Start of Block

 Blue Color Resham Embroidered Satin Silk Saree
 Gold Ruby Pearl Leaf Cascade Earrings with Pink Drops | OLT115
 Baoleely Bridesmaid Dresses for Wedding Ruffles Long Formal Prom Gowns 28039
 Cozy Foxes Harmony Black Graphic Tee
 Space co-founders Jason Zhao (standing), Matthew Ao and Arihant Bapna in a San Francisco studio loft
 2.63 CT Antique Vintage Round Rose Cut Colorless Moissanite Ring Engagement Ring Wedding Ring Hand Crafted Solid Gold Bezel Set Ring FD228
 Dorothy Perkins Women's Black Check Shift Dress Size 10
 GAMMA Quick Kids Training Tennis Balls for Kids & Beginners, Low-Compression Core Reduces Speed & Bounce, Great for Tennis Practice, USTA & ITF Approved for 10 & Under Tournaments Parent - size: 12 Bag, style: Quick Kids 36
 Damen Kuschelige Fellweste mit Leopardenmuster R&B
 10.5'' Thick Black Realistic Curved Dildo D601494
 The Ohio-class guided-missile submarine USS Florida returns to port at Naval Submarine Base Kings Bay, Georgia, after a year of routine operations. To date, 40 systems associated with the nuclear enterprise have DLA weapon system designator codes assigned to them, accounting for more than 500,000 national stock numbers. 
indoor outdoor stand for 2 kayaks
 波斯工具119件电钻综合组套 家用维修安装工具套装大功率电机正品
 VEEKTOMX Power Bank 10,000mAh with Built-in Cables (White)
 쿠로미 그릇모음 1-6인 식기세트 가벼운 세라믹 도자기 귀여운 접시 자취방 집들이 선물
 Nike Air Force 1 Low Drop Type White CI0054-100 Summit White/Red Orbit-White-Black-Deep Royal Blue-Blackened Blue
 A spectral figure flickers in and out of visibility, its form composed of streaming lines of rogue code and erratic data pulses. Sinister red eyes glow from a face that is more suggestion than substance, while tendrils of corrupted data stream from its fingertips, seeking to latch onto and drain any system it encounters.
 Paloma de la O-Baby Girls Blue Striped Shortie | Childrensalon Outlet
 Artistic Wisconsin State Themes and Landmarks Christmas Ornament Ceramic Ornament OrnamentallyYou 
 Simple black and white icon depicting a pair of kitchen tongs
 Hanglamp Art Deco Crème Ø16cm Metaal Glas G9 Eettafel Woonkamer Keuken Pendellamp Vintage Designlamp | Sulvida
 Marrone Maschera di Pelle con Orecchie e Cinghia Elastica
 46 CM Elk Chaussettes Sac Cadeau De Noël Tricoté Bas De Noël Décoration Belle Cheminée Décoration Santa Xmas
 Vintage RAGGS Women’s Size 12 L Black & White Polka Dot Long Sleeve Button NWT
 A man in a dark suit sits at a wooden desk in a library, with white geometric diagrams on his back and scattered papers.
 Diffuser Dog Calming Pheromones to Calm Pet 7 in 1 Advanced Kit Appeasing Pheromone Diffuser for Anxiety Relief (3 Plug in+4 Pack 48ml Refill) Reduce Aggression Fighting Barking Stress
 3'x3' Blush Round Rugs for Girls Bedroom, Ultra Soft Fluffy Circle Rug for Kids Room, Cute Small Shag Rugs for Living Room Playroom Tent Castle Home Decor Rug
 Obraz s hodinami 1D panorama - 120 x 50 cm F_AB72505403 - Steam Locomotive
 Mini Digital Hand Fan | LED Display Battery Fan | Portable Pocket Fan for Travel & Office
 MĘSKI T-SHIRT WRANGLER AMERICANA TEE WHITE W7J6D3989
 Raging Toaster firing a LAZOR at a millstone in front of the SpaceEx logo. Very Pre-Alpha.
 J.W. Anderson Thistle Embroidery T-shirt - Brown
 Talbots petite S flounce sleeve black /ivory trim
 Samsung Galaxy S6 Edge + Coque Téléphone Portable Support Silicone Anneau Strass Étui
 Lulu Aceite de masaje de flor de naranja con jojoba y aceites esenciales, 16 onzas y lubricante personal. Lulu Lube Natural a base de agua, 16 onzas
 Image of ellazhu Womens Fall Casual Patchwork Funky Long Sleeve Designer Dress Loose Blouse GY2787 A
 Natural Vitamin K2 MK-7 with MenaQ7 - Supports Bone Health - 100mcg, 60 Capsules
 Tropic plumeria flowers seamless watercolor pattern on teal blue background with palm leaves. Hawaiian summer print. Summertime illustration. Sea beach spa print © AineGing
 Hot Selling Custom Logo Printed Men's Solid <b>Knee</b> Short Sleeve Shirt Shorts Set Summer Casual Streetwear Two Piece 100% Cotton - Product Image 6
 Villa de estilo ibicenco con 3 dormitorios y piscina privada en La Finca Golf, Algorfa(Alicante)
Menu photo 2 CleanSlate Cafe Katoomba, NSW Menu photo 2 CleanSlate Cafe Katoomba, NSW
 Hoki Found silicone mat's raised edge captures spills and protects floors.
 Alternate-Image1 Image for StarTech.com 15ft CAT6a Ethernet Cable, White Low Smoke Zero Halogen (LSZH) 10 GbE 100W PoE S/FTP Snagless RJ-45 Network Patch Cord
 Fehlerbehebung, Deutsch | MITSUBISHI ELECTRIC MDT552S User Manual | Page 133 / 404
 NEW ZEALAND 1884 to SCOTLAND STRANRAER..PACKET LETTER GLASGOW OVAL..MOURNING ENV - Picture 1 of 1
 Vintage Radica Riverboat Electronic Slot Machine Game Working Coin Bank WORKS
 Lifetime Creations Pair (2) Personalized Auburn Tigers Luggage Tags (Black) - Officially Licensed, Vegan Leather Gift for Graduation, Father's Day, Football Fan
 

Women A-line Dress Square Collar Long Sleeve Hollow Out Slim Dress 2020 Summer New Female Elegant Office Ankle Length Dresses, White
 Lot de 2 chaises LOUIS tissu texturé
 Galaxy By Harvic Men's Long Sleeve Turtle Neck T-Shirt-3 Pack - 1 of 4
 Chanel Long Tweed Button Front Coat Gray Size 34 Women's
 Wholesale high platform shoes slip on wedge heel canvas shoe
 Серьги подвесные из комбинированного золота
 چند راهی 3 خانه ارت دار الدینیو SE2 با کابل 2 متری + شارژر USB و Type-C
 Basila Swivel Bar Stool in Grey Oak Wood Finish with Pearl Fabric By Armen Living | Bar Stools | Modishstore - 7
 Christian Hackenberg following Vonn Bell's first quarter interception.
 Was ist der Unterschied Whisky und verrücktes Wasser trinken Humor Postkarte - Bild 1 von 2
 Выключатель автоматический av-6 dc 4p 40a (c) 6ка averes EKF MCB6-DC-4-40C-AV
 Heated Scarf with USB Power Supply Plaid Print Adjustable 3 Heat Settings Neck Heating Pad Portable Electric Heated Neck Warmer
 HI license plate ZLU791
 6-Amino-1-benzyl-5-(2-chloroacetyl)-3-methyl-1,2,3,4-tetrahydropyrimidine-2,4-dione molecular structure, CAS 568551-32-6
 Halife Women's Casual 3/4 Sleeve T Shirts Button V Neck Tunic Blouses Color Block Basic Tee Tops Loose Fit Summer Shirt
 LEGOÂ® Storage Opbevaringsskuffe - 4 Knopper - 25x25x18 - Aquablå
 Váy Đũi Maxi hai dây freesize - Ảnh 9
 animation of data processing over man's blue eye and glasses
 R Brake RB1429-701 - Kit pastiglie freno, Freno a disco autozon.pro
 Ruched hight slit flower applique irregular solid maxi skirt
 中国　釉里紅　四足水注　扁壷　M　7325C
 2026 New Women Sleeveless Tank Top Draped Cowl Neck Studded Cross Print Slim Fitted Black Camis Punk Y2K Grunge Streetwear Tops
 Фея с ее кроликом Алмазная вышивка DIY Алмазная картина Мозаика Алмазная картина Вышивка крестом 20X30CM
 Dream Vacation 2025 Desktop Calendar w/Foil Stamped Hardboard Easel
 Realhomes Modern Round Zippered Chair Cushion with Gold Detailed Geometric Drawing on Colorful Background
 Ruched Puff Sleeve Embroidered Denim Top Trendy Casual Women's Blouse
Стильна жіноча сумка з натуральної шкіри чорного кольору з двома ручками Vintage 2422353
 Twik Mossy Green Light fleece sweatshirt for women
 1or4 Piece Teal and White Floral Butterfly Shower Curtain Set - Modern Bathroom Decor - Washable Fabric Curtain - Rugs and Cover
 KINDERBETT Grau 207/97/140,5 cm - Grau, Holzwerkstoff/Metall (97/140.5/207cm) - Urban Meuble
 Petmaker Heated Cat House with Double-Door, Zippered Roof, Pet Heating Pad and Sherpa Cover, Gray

End of Block

Work required
Beginning with the line that contains "Váy Đũi Maxi hai dây freesize - Ảnh 9", repeat every line through the end of the records and nothing more.

Expected answer
 Váy Đũi Maxi hai dây freesize - Ảnh 9
 animation of data processing over man's blue eye and glasses
 R Brake RB1429-701 - Kit pastiglie freno, Freno a disco autozon.pro
 Ruched hight slit flower applique irregular solid maxi skirt
 中国　釉里紅　四足水注　扁壷　M　7325C
 2026 New Women Sleeveless Tank Top Draped Cowl Neck Studded Cross Print Slim Fitted Black Camis Punk Y2K Grunge Streetwear Tops
 Фея с ее кроликом Алмазная вышивка DIY Алмазная картина Мозаика Алмазная картина Вышивка крестом 20X30CM
 Dream Vacation 2025 Desktop Calendar w/Foil Stamped Hardboard Easel
 Realhomes Modern Round Zippered Chair Cushion with Gold Detailed Geometric Drawing on Colorful Background
 Ruched Puff Sleeve Embroidered Denim Top Trendy Casual Women's Blouse
Стильна жіноча сумка з натуральної шкіри чорного кольору з двома ручками Vintage 2422353
 Twik Mossy Green Light fleece sweatshirt for women
 1or4 Piece Teal and White Floral Butterfly Shower Curtain Set - Modern Bathroom Decor - Washable Fabric Curtain - Rugs and Cover
 KINDERBETT Grau 207/97/140,5 cm - Grau, Holzwerkstoff/Metall (97/140.5/207cm) - Urban Meuble
 Petmaker Heated Cat House with Double-Door, Zippered Roof, Pet Heating Pad and Sherpa Cover, Gray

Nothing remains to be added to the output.